From this new administration, the public are strongly
demanding total reform to guarantee the restoration and honor of
their basic rights which have been shackled for so long.
Habibie's administration saw the light of day after over 1,000
people lost their lives in fire or were intentionally burned,
tortured and shot to death in May 1998. Initially, the
transitional government showed its intention, though feigned, to
uphold democracy. In regards to the media, for example, the
regulation on media publication permits was revamped, journalists
were allowed to set up independent associations and the mass
media were allowed more freedom of reporting.
However, this administration seems to be impatient. Waves of
protests and demonstrations have been dealt with in the easiest
way -- by banning them. At first, the Habibie administration
issued a government regulation in lieu of Law No. 2/1998, which
seeks to regulate the freedom of expression. However, as people
still adamantly refused to have their freedom of expression
regulated, the government replaced it with Law No. 9/1998 on the
freedom to express opinions publicly. But the Law has proven to
be an instrument to take action against and not regulate the
manifestation of this freedom.
The new administration has also followed in the steps of the
New Order government's habit of setting up new institutions while
ignoring the functions of existing ones whenever it was incapable
of handling problems at hand. The establishment of the Council
for Consolidation of Resilience and Law (DPKH), for example, was
not only an act of contempt against the existing security
institutions, but has also stunted them. Yet the DPKH has not
only failed to serve its purported function but its activities
have also been unheard of since its establishment.

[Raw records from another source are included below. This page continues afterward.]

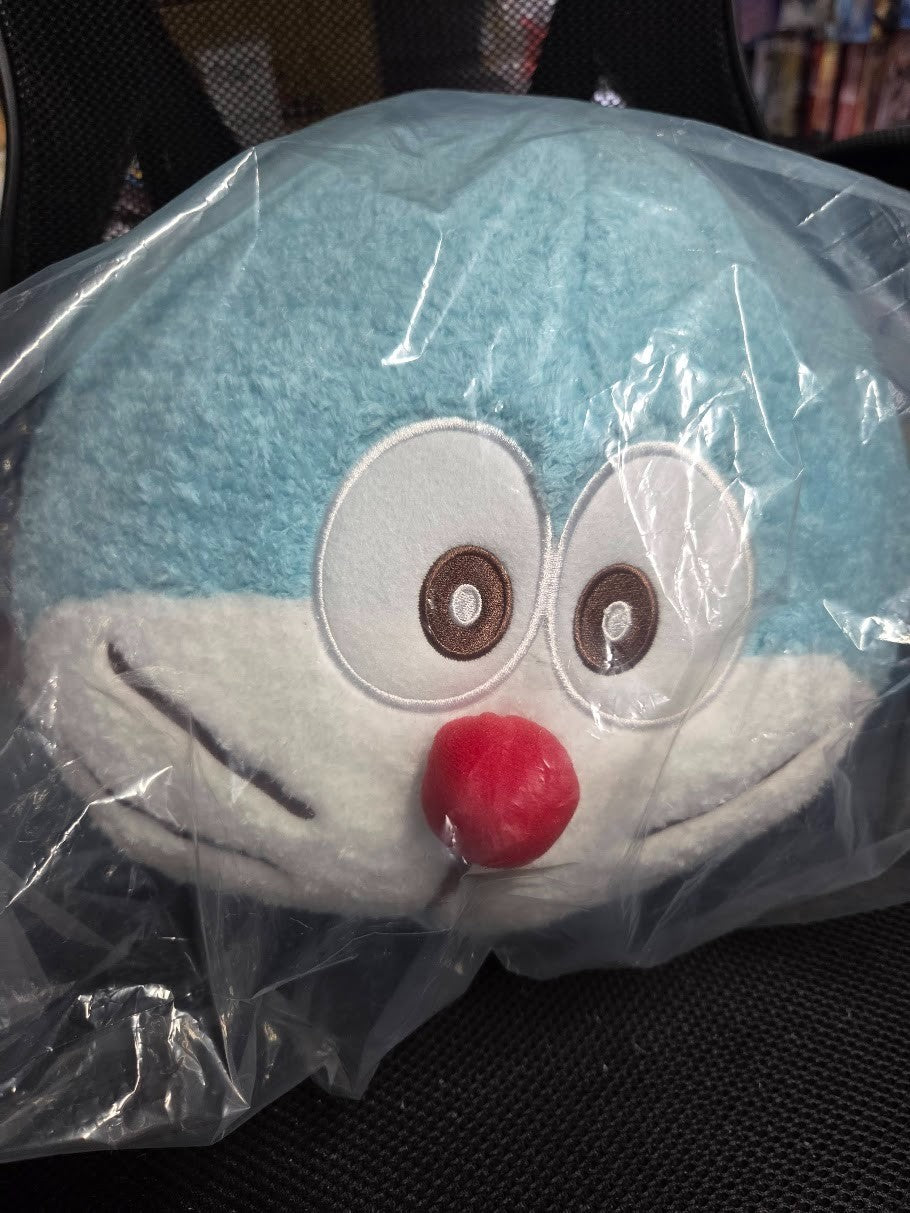 # Doraemon Premium Dome Cushion Taito Prize0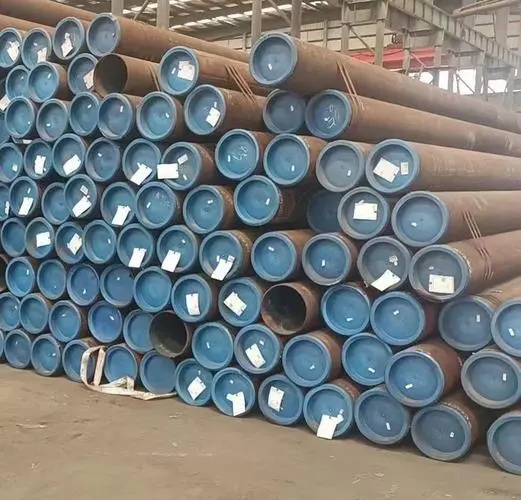 濮阳GB6479化肥设备用无缝钢管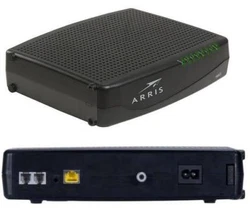 Arris TM1602.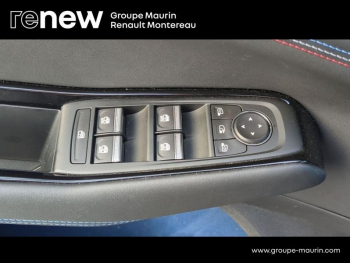 Photo 28 du bon plan RENAULT RAFALE 1.2 E-Tech full hybrid 200ch esprit Alpine occasion à 41900 €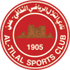 Al-Tilal logo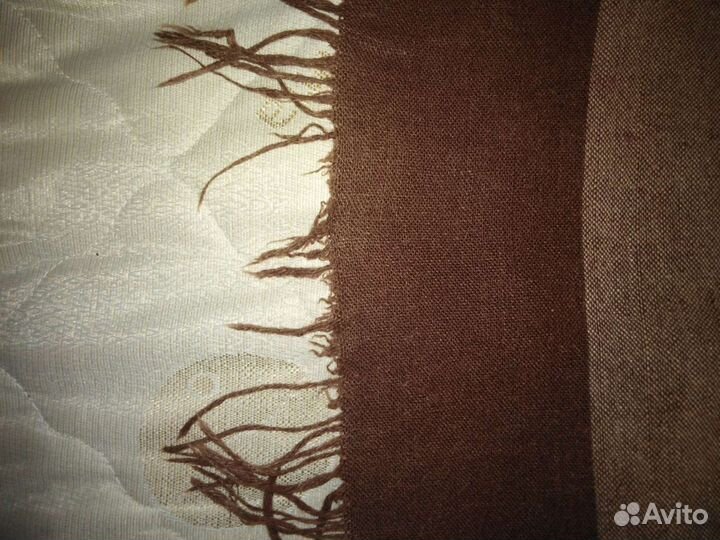 Платки, шарфы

In a recent hearing on the bill for the state's safety and
security with the House of Representatives, Minister of Defense
and Security/Indonesian Military (TNI) Commander Gen. Wiranto
said that the President reserved the right to declare an
emergency without any approval from the House. The bill, in fact,
states that preventing and overcoming threats to the state's
safety and security constitutes, in essence, the protection of
the state and the public's safety and security and that the
entire Indonesian population should be responsible for this
(point c of the consideration part of the bill).
Ignoring the involvement of the House in determining whether
the state is in danger is tantamount to the public's logic and
common sense in terms of defending the state. Leaving it fully to
the President without seeking the opinion of the House members
clearly shows what the state security bill really leans on.
Instead of gathering public opinion on matters pertaining to
the state's security, this bill, on the other hand, relies on the
opinion of extraconstitutional institutions. Subarticle (3) under
article 8 of the bill stipulates that it is enough for the
President simply to hear and take into account the opinion given
by the Council of National Defense and Security and the Council
for the Upholding of Security and the Legal System. These
extraconstitutional institutions are not yet established but
their embryo, the DPKH, was set up soon after Habibie became
President and comprises personnel close to the power holder.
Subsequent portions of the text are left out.